The state’s inaction allows communal tensions and religious atrocities to flourish--such as the 1997 incident in Shantinagar, where an anti-Christian riot left approximately 15,000 Christians homeless. This approach serves to distract people from demanding that their government give them democratic rights and improved economic conditions. Imposing draconian religious laws and allowing fanatical elements to act with impunity threatens the institutions that are necessary for a thriving modern nation. In the long run, these laws hurt the regime itself.
One of the most visible but least advisable ways to assist those fighting to repeal PPC 295 would be for the U.S. to apply sanctions against Pakistan, such as those proposed by the Wolf-Specter Freedom from Religious Persecution Act. Sanctions could further harm religious minorities, who are likely to become scapegoats for the worsening economic situation that any effective sanctions would produce.
In addition, sanctions are usually applied only against enemies. The U.S. has tended to turn a blind eye toward reprehensible activities committed by those whom it has considered valuable for geopolitical and ideological reasons, even in Pakistan. Because Zia was a great U.S. ally during the Soviet occupation of Afghanistan, his draconian legal measures, obscurantist Islamization project, and persecution of religious minorities were all overlooked. Even in nations like Pakistan, where Machiavellian deals with repressive regimes have been made in the past, the only way now to help stop the repression and persecution may be to encourage the growth of a democratic and tolerant civil society.

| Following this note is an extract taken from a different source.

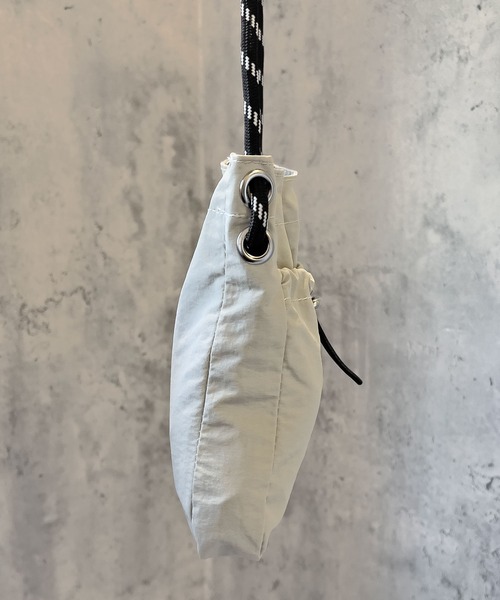 SBG（エスビー）の「SBG ナイロンパラコードミニショルダー（ショルダーバッグ・メンズ・ベージュ/カーキ/ブラック/ホワイト・FREE）」の18枚目の写真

There are various ways for U.S. Christians to become involved in this issue. One is to lobby the Senate not to pass a companion to the House-passed Wolf-Specter bill. A second is to join the South Asia Rapid Action Network (SARAN) of Amnesty International, which through letters, faxes and telegrams can quickly respond to human rights emergencies.
Finally, getting blasphemy cases dropped depends upon the ability of human rights organizations to identify and verify the facts of a case so that they can publicize it accurately. Funds to do this are always needed both by international human rights organizations and by groups operating within the country. The Human Rights Commission of Pakistan is one source of independent verification. Christian churches in Pakistan are now setting up a second source, a central archive devoted exclusively to tracking all blasphemy cases.